Tras su viaje a Madrid en 1865, Manet escribió varias cartas lamentándose de la mala comida. A Baudelaire le dijo que España era una fiesta para el ojo, mas no para el estómago. “Cuando te sientas a la mesa, dan ganas de vomitar antes que comer”. Las viandas le parecían grasosas y no tenía paladar para esos vinos que con tanto gusto bebía Sancho Panza. En cambio, la vista de Manet gozó con las mujeres, Velázquez y las corridas de toros.

Hay que creerle más al ojo de Manet que a su paladar. Los turistas faltos de curiosidad suelen ser pésimos críticos culinarios; a fin de cuentas, su maestro fue Thomas Couture y no Brillat-Savarin.

Cuando viví en Lisboa, solía visitar un restaurante que cargaba con pésimas reseñas en los portales turísticos. Servían una deliciosa cabidela, pero a muchos gringos les asqueaba enterarse de que esta sabrosura se cocina con la sangre del pollo. Con sus gustos macdonaldizados, desde una deficiente formación palatal, se ponen a emitir juicios con la certeza de un perito.

Si a alguien le molesta comer orelha de porco, el problema no está en la oreja. Esos turistas califican mal el queijo amanteigado, las tripas à moda do Porto, la feijoada de lulas, las enguias o los caracóis, porque su aspecto no es nítido, tranquilizador y conocido como el de un bistec.

Muchos adultos hacen muecas de bebé al probar o apenas oler ciertos quesos franceses. Se espantan ante las tripas. Rehúyen los corazones de pollo. Eluden las galaretkas polacas. Reprueban tantas otras cosas, no asumiendo una condición de subdesarrollo papilar y olfativo, sino demeritando el plato. Cuánta ramplonería hay en los turistas que gesticulan horrorizados cuando se le echa limón a unas chocolatas. Creepy! It’s alive! Disgusting!
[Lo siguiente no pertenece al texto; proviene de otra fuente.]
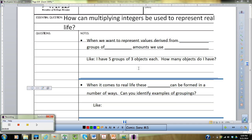Here's a lesson for the multiplication of integers notes, if you missed class that day or if you just enrolled. I'll go through the first and the back page. The essential question for this lesson is: how can multiplying integers be used to represent real life? We're going to start off with our vocabulary.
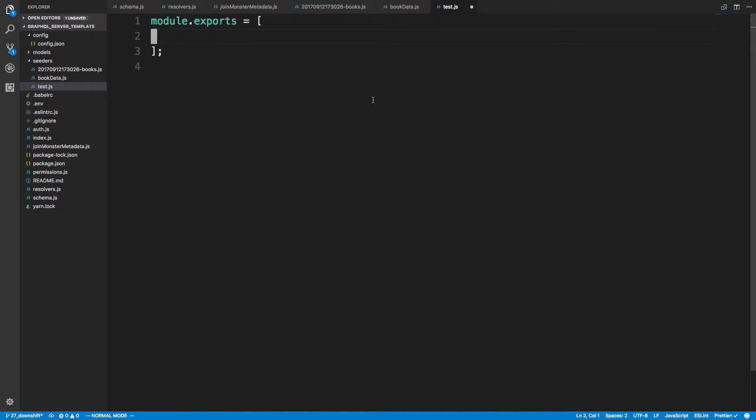Hey guys, I want to talk about Vim Macros. These are a super cool and really powerful thing that you can do in Vim.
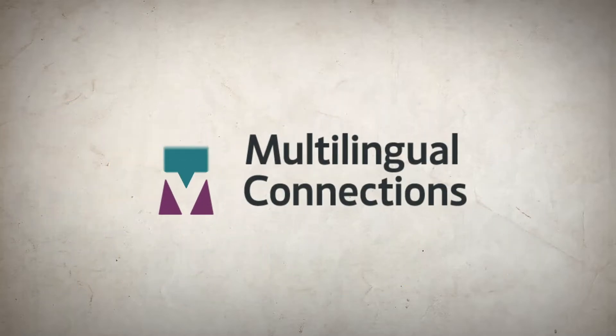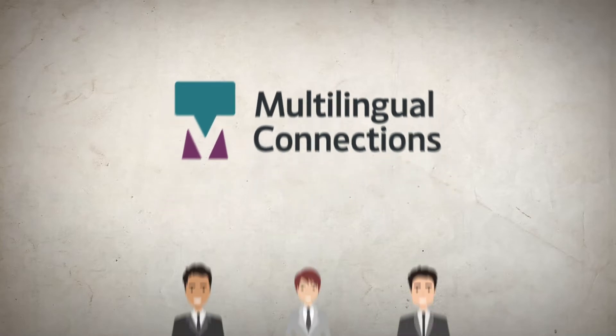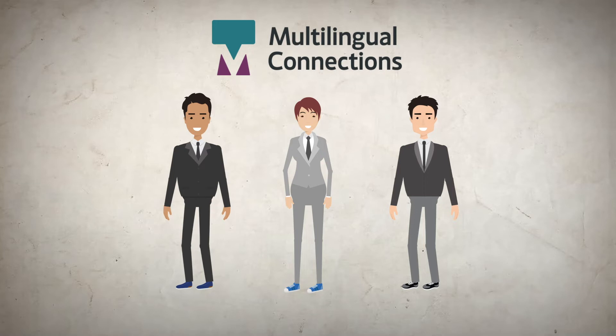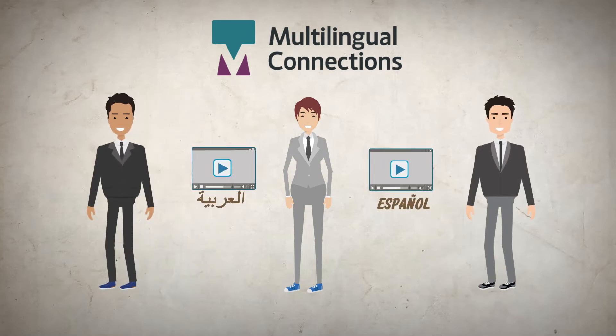He needs multilingual connections. Our dedicated project managers work with partners to understand your messaging and voice, and our experienced linguists ensure that your translations are both linguistically and culturally accurate.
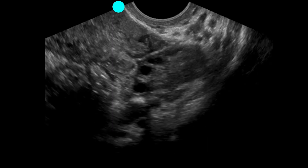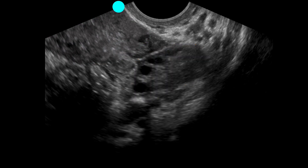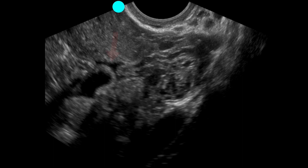We drag over to the patient's left and perform a similar exam looking at the left adnexa. Keeping the uterus in plane, we identify a structure with ovarian follicles — this is the left ovary. Scanning a little more inferiorly, we again note more free fluid.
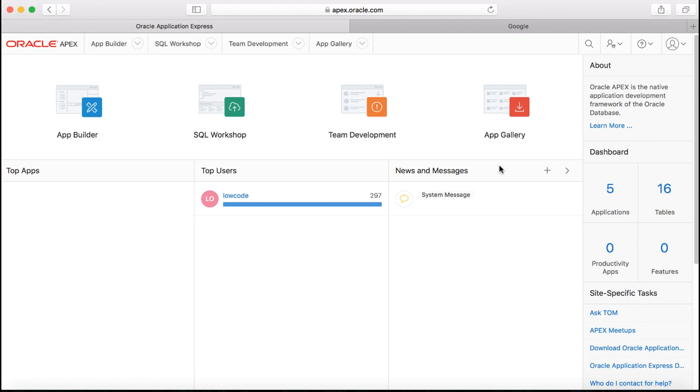In today's demo we look at how to convert a spreadsheet into an Apex application and how the faceted search page gets automatically created for you.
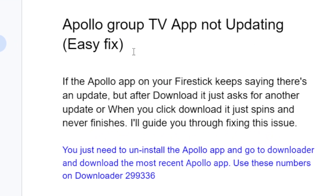In this tutorial I will guide you on how to fix Apollo Group TV app not updating. If the Apollo app on your Fire Stick keeps saying there is an update but after downloading it just asks for another update, or when you click download it just spins and never finishes, I will guide you through all the necessary steps to fix this problem.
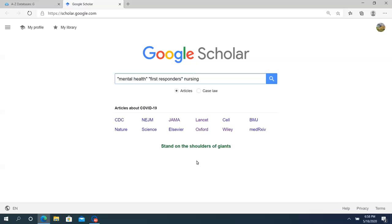Hi, this is Scott Millendorf, Research Librarian at Sano Library, Sacramento Valley State University. I'd like to show you a search utilizing Google Scholar. Google Scholar will link you to library database articles whenever possible. You enter your search terms a little different than a normal library database — just enter your terms without using AND or OR.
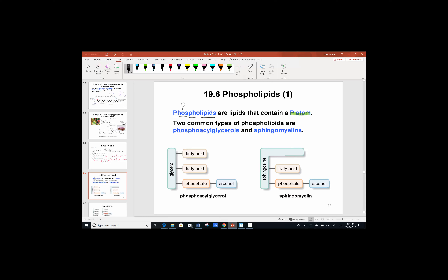There are two common types of phospholipids. The first are called phosphoacylglycerols — 'phosphoacyl' refers to the ester bond, and 'glycerol' brings the glycerol backbone back into play. The second is a different molecule called a sphingomyelin. Sphingomyelin always makes me think of a neuron, especially the myelin sheath surrounding it.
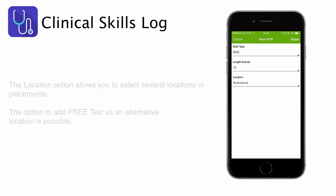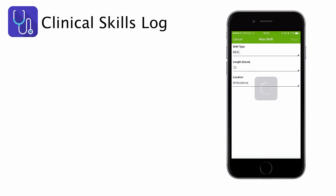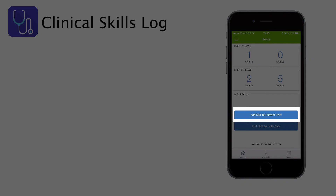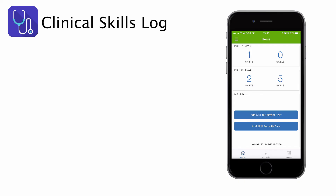Once you've done that you can click on begin, and you can see that the menu has changed — it now says add skill to current shift. So you won't need to add that information again for the next 12 to 15 hours.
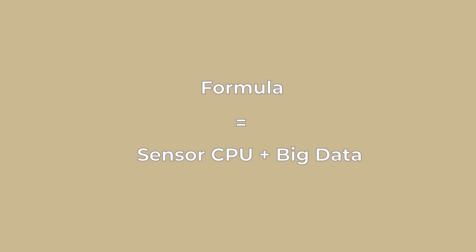This is based on the intrinsic capacities of the sensor's CPU and the big data collected over the course of manufacturing our sensors.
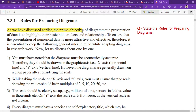As we have discussed earlier, the prime objective of diagrammatic representation of data is to highlight the basic hidden facts and relationships. Our basic work in diagrammatic representation is to highlight and to show what the outcome is.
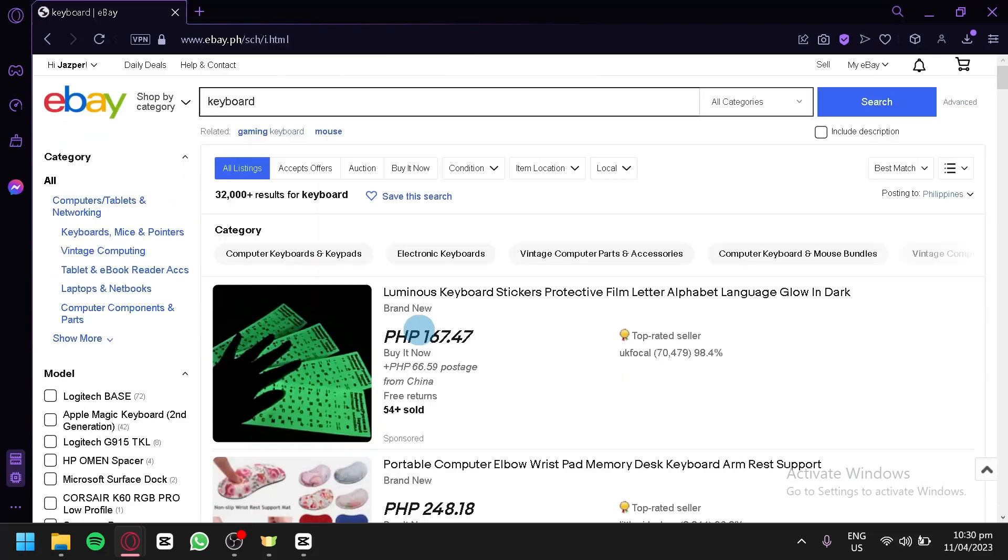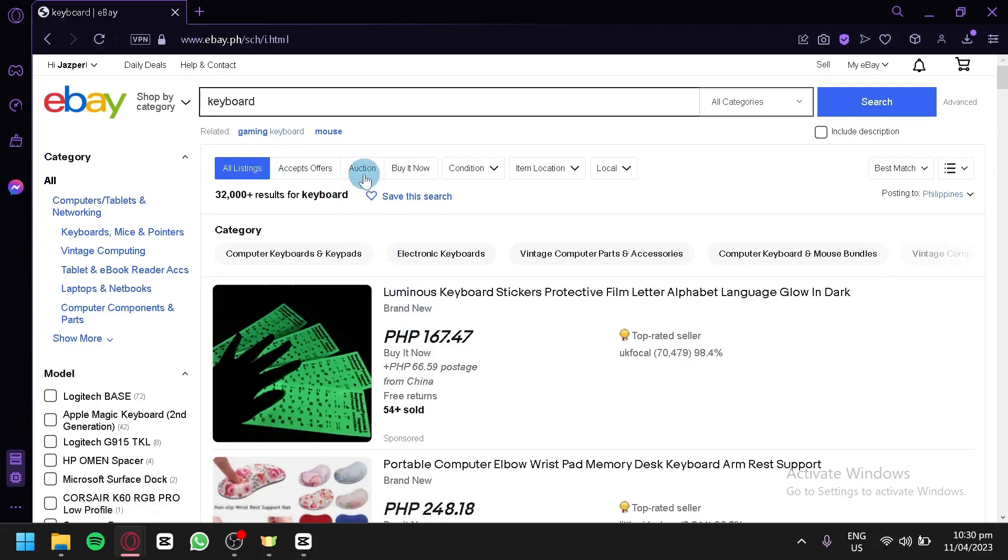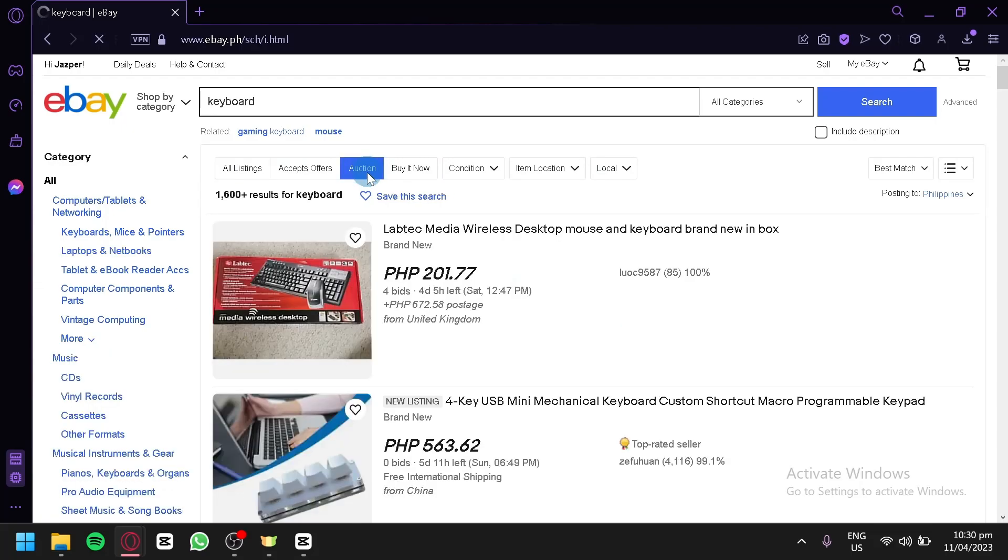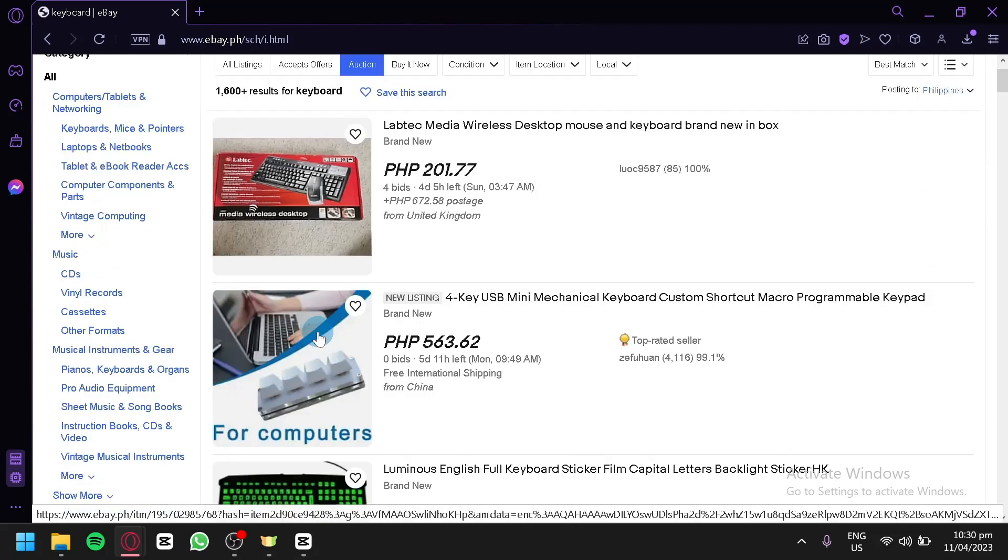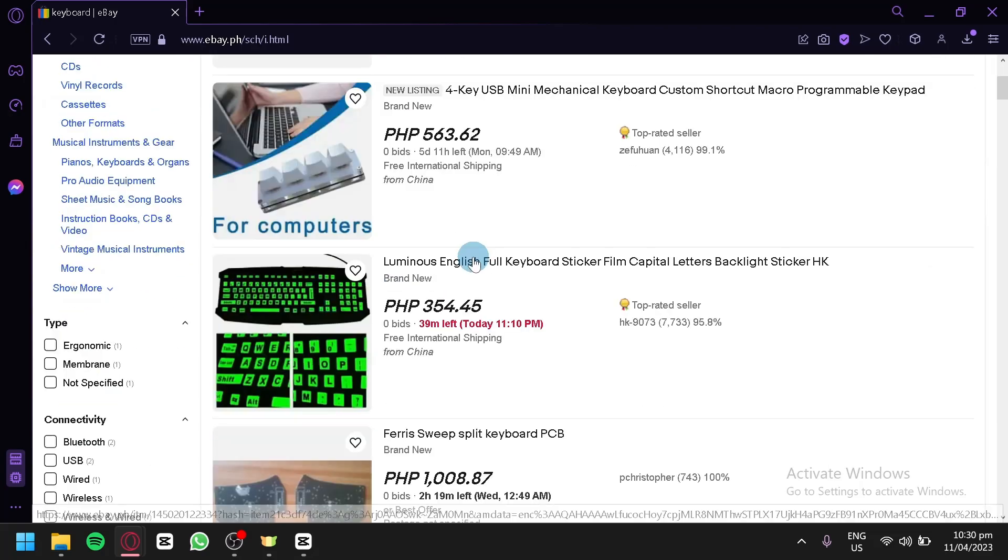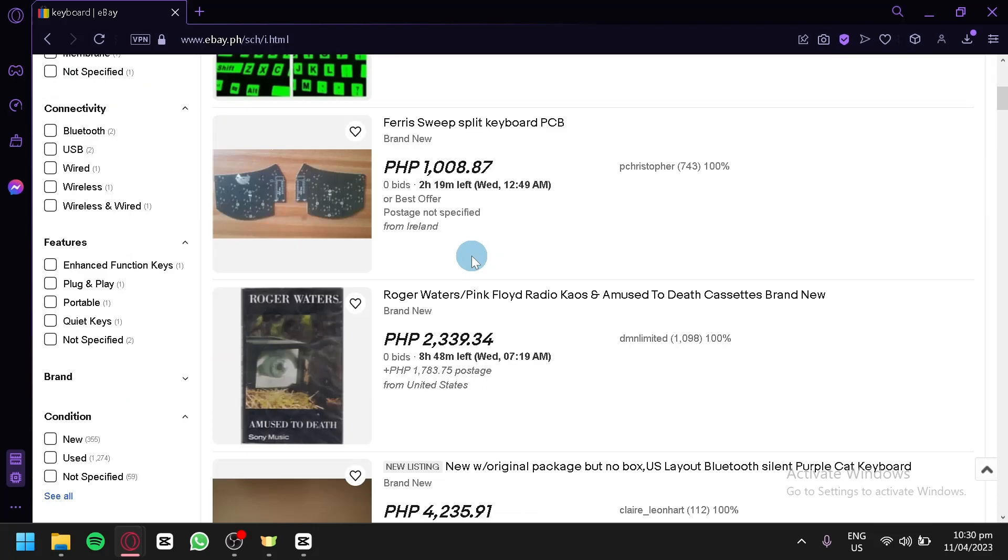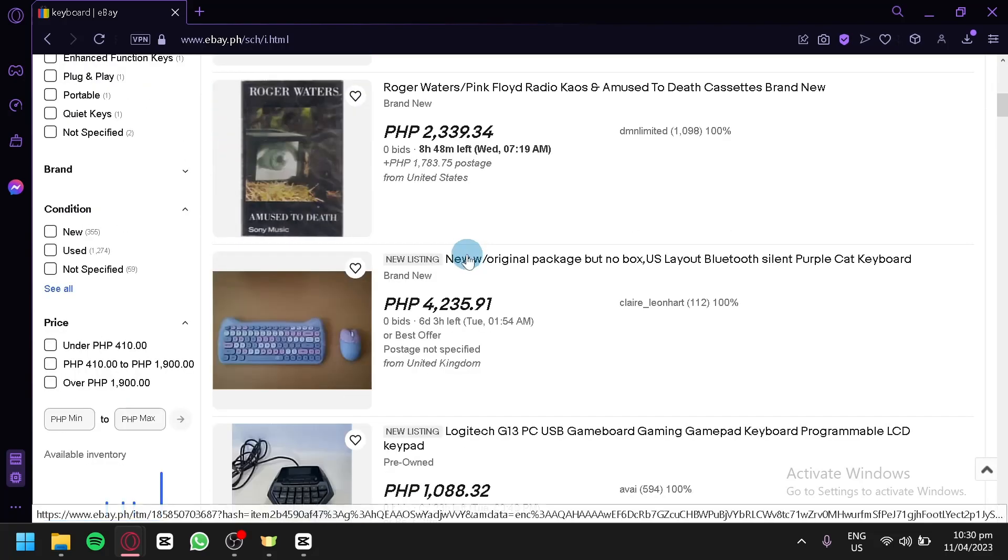Now what we're going to do is make sure that our settings over here, where my mouse is, is on auction. So we're going to press this. Now after pressing that, you would be able to see all the different products that are currently on auction. Now you're simply going to look for the product that you would like to buy.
Para tal gente, los huevos serían lo más repugnante visual, biológica y gustativamente, si no fuera porque los conocieron desde antes de desarrollar su capacidad de rechazo.

Y sin embargo, estos chabacanos opinadores tienen tal poder que comienzan a modificar la oferta de las tabernas. El que ahora muchos sustituyan la sangre por tomate en la cabidela es tan desatinado como hacer moronga con V8.

Muchos madrileños aman los bocadillos de calamar. El hecho de que a mí no me gusten no me da el derecho de afirmar que es una comida poco sabrosa. El juicio sobre éstos se lo dejo a algún avezado comedor que pueda decir si el calamar estaba pasado o lo frieron en mal aceite o si el pan es viejo o si se les pasó la sal o, por el contrario, si todo estaba en su punto. Hago juicios sobre el tequila; nunca sobre el mezcal.

Los amables lectores que han llegado hasta esta línea, ahora imaginen las implicaciones de este artículo si no hubiese tratado de comida, sino de literatura.